Politics Prime Minister Kurti declares himself the winner of the Kosovo elections

SDA

10.2.2025 - 01:45

Kosovo's Prime Minister Albin Kurti makes a statement after the results of the parliamentary elections in Pristina. Photo: Vlasov Sulaj/AP/dpa
Kosovo's Prime Minister Albin Kurti makes a statement after the results of the parliamentary elections in Pristina. Photo: Vlasov Sulaj/AP/dpa
Keystone

Kosovo's Prime Minister Albin Kurti has declared himself the winner after the parliamentary elections in his country. "We have won and we will form the next government," he told supporters in Pristina shortly after midnight. According to the election observer group Democracy in Action, which relied on the results from 98 percent of polling stations, Kurti's ruling party Vetevendosje (Self-Determination) received 40.4 percent of the vote - and thus lost its absolute majority.

Keystone-SDA

Around two million citizens were called to vote. Kosovo is a potential candidate for EU membership. For the first time since 2010, a representative body in the country has exhausted its four-year mandate.

In the election four years ago, Kurti's left-wing nationalist formation won 50.3 percent of the vote. According to Democracy in Action, this time the liberal Democratic Party (PDK) received 21.7 percent of the vote, the bourgeois Democratic League of Kosovo (LDK) 17.5 percent and the conservative Alliance for the Future (AAK) 7.2 percent.

Problems with the vote count

Other parties and alliances failed to reach the five percent hurdle that decides who enters the parliament. Irrespective of this, 20 of the 120 seats are reserved for ethnic minorities: 10 for Serbs and a further 10 for other groups, including Bosniaks, Turks and Roma.

The state election commission had serious problems with electronic data processing on election day and did not want to announce the provisional final result until Monday morning.
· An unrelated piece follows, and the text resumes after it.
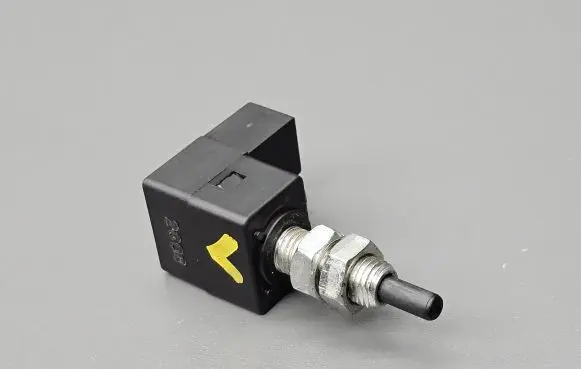 Clutch pedal sensor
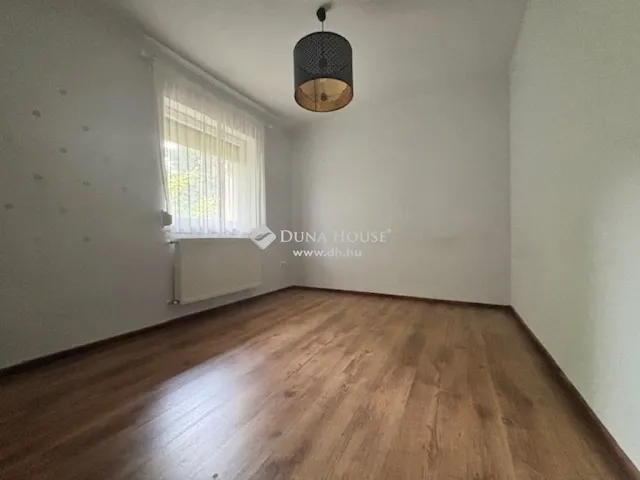 Eladó lakás Üllő 72 nm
In the old parliament, Kurti's party had a comfortable majority together with MPs from the ethnic minorities. The 49-year-old had promised comprehensive reforms of the judiciary and administration when he took office, but was unable to deliver on many of them. If he now wants to continue to govern, he will probably have to join forces with the PDK or the LDK. Theoretically, however, a government alliance without the participation of the Kurti party is also conceivable.